> [EXERCISE BRIEF]: Beginning with the line that contains "Sleeper Tractor-Heavy Duty", restate each line below through the final one exactly, and exclude the pictures.
· · · ·
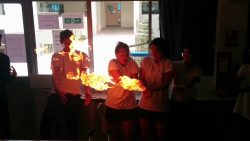 Das Feuer einfach mal weiter geben im Chemieunterricht das feuer einfach mal weiter geb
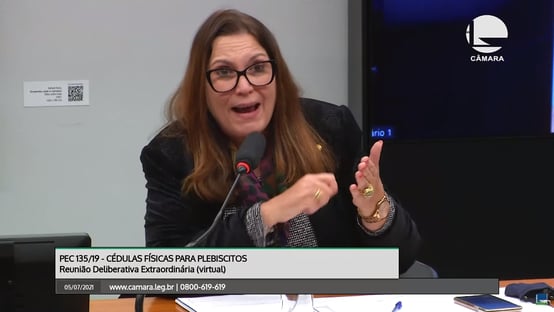 O erro duplo de Bia Kicis sobre “computador chamado Nuvem”
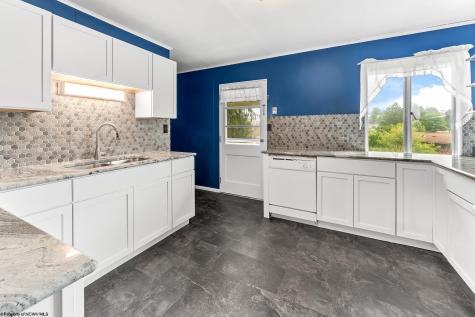 332 Oakland Street Morgantown WV 26505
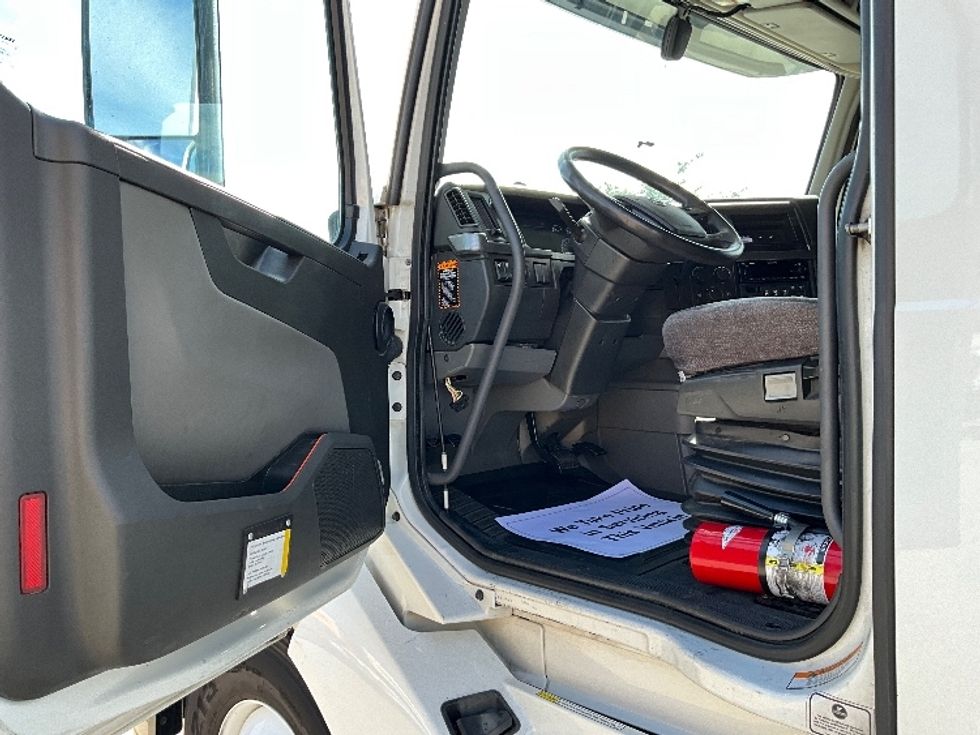 Sleeper Tractor-Heavy Duty Tractors-Volvo-2022-VNL64760-Selma-TX-574,468\n\t\tmiles-$ 69,750 - Image 9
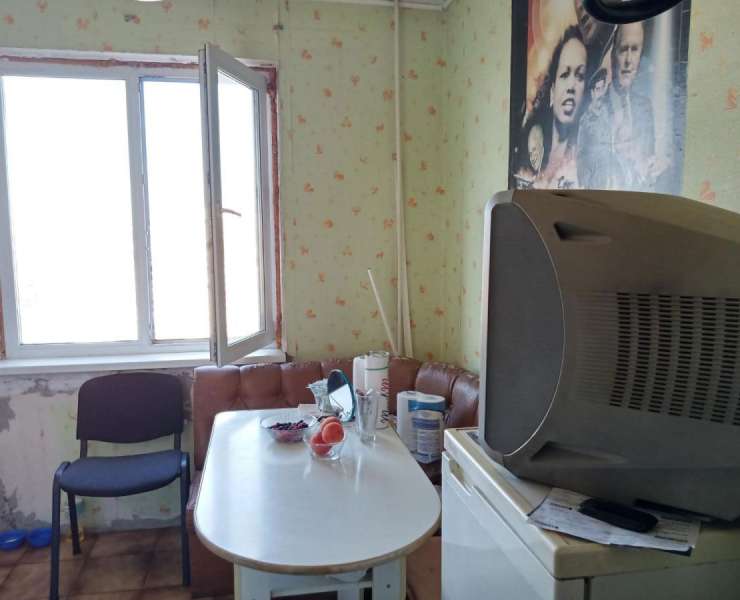 Продажа 2 двухкомнатная квартира с раздельными комнатами улица Бальзака Троещина Киев. Агентство недвижимости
· · · ·
> [ANSWER SPACE]:
 Sleeper Tractor-Heavy Duty Tractors-Volvo-2022-VNL64760-Selma-TX-574,468\n\t\tmiles-$ 69,750 - Image 9
 Продажа 2 двухкомнатная квартира с раздельными комнатами улица Бальзака Троещина Киев. Агентство недвижимости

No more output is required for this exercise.